Netgraph performance question

Fri Feb 4 16:42:46 PST 2005

Guy Helmer wrote:

>  A while back, Maxim Konovalov made a commit to usr.sbin/ngctl/main.c
>  to increase its socket receive buffer size to help 'ngctl list' deal
>  with a big number of nodes, and Ruslan Ermilov responded that setting
>  sysctls net.graph.recvspace=200000 and net.graph.maxdgram=200000 was
>  a good idea on a system with a large number of nodes.
>
>  I'm getting what I consider to be sub-par performance under FreeBSD
>  5.3 from a userland program using ngsockets connected into ng_tee to
>  play with packets that are traversing a ng_bridge, and I finally have
>  an opportunity to look into this. I say "sub-par" because when we've
>  tested this configuration using three 2.8GHz Xeon machines with
>  Gigabit Ethernet interfaces at 1000Mbps full-duplex, we obtained peak
>  performance of a single TCP stream of about 12MB/sec through the
>  bridging machine as measured by NetPIPE and netperf.

that's not bad if you are pushing everything through userland.. 
That's quite expensive, and the scheduling overheads need to be taken
into account too.

>
>
>  I'm wondering if bumping the recvspace should help, if changing the
>  ngsocket hook to queue incoming data should help, if it would be best
>  to replace ngsocket with a memory-mapped interface, or if anyone has
>  any other ideas that would help performance.

Netgraph was designed to be a "lego for link layer stuff" where link 
laer stuff
was considered to be WAN protocols etc.

In particualr the userland interface was written with an eye to 
prototyping and debugging
and doesn't take any special care to be fast. (though I don;t know how 
you could be
faster going to userland).

Since then people have broadenned
its use considerably, and questionns of its performance have become 
quite regular.

It wasn't designed to be super fast, though it is not bad considerring 
what it does.
There is however a push to look at performance so it would eb 
interresting to see
in more detail what you are doing.
in particular, what are you doing in userland?
might it make sense to make your own custom netgraph node that does exaclty
what you want in the kernel?

>
>  Thanks in advance for any advice, Guy Helmer
>

I have considderred a memory mapper interface that would bold onto ng_dev.
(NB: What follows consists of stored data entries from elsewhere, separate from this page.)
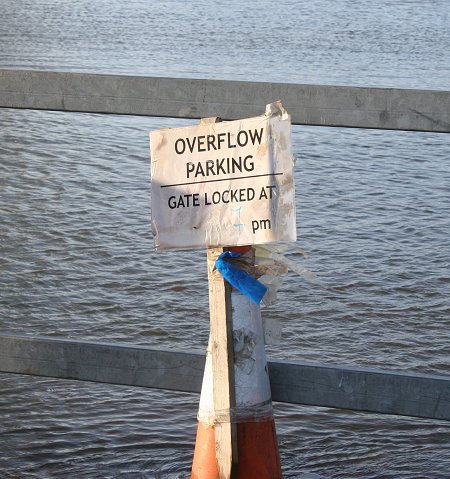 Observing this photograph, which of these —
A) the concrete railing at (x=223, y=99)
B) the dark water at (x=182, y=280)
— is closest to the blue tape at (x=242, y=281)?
the concrete railing at (x=223, y=99)

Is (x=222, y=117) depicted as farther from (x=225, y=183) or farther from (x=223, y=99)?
(x=225, y=183)

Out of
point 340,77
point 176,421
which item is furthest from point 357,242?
point 340,77

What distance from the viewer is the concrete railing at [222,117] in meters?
2.75

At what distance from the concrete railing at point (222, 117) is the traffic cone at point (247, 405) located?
51 millimetres

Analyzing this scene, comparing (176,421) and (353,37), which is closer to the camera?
(176,421)

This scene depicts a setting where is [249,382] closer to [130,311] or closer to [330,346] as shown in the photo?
[330,346]

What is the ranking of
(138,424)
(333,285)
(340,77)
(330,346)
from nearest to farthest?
(138,424)
(330,346)
(333,285)
(340,77)

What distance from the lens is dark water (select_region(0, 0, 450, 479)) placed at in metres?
4.18

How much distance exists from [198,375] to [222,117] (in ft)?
Answer: 2.32

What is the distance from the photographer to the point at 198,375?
2975 millimetres

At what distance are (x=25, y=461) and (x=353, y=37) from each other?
13.7 metres

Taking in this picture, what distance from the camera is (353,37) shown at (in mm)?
16797

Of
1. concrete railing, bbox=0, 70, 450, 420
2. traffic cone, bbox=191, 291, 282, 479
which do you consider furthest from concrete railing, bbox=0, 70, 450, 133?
traffic cone, bbox=191, 291, 282, 479

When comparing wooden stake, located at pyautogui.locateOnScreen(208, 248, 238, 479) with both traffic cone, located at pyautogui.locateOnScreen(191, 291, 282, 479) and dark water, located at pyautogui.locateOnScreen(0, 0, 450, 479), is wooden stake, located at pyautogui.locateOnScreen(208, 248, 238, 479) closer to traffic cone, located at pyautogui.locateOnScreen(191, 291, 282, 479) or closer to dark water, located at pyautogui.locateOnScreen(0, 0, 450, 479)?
traffic cone, located at pyautogui.locateOnScreen(191, 291, 282, 479) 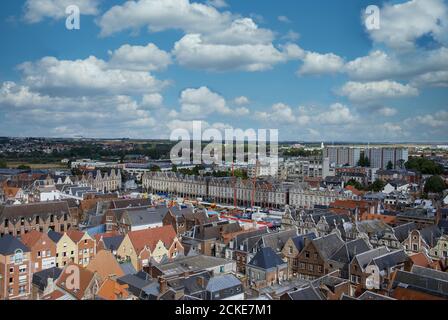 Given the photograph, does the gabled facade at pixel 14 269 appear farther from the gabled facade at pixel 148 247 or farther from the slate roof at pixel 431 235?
the slate roof at pixel 431 235

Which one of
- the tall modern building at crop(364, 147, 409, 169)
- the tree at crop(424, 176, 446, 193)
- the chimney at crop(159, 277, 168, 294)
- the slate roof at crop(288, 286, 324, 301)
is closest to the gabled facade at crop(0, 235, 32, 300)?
the chimney at crop(159, 277, 168, 294)

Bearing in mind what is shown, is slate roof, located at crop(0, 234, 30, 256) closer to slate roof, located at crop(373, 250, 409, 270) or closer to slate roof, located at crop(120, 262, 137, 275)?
slate roof, located at crop(120, 262, 137, 275)

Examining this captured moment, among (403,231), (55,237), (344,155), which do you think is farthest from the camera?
(344,155)

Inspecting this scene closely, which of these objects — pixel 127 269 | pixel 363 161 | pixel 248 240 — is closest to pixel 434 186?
pixel 363 161

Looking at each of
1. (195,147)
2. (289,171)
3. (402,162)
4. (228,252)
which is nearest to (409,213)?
(228,252)

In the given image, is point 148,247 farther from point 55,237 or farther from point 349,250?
point 349,250

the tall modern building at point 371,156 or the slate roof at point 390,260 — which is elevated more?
the tall modern building at point 371,156

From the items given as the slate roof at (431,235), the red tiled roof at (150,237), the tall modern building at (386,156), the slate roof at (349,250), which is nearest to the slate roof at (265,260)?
the slate roof at (349,250)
I have done an almost identical interface once before (1986->1992)

There would have to be several commands supported.

define bufferspace size (ioctl/message)
mmap buffer space  (mmap)
allocate bufferspace to user (size) (returns buffer ID)
free bufferspace (ID)
getoffset (ID)  (returns offset in bufferspace)
writebuffer(ID, hook, maxmbufsize)  pick up the buffer, put it into 
mbufs (maybe as external pointers)
  and send out hook in question.

Incoming data would be written into buffers (a cpu copy would be needed) 
and the ID added to a list of
arrived IDs.
In addition you need a way to notify a listenning thread/process of 
arrived IDs.

In my original system the listenning process had a socket open with a 
particular protocol family
and waited for N bytes. when the data arrived, the socket returned the 
buffer ID, followed
by N-sizeof(ID) bytes from th header of the packet so that the app could 
check a header and see if it was interrested.

In later version s it used a recvmesg() call and the metadata was in the 
form of a protocol specific structure received in parallel
to the actual data  copied.

Arrived IDs/buffers were 'owned' by N owners where N was the number of 
open listenner sockets.
each listenner had to respond to the message by 'freeing' the ID if it 
wan't interrested.. closing the socket freed all
IDs still owned by it. closing the file did the same...

I forget some of the details.

I guess in this version, instead of sockets we could use hooks on the 
mmap node and we could use ng sockets
to connect to them..

The external data 'free' method in th embuf could decrement teh ID 
reference count and actually free it if
it reached 0 (when all parts ahd been transmitted?)  The userland 
process woudl free it immediatly after doing the
'send this' command. the reference counts owned by the mbuffs would stop 
it from being freed until the packets were sent.

In our previous version, we ahd a disk/vfs interface too and there was a 
"write this to filedescriptor N"
and "write this to raw disk X at offset Y" command too..  the disk would 
own a reference until the
data was written of course..  There was also a "read from raw disk X at 
offsett Y into buffer ID" command.
you had to own the buffer already for it to work..

in 1987 we were saturating several ethernets off disk with this with 5% 
cpu load :-)

disk->[dma]->mem->[dma]->ethernet

Since machines are now hundreds of  times faster (30MHz 68010 with 32 
bit mem
bus  vs 3GHz 64bit bus  machine) some of this doesn't make sense any 
more, but
it was an achievement at the time.

just an idea.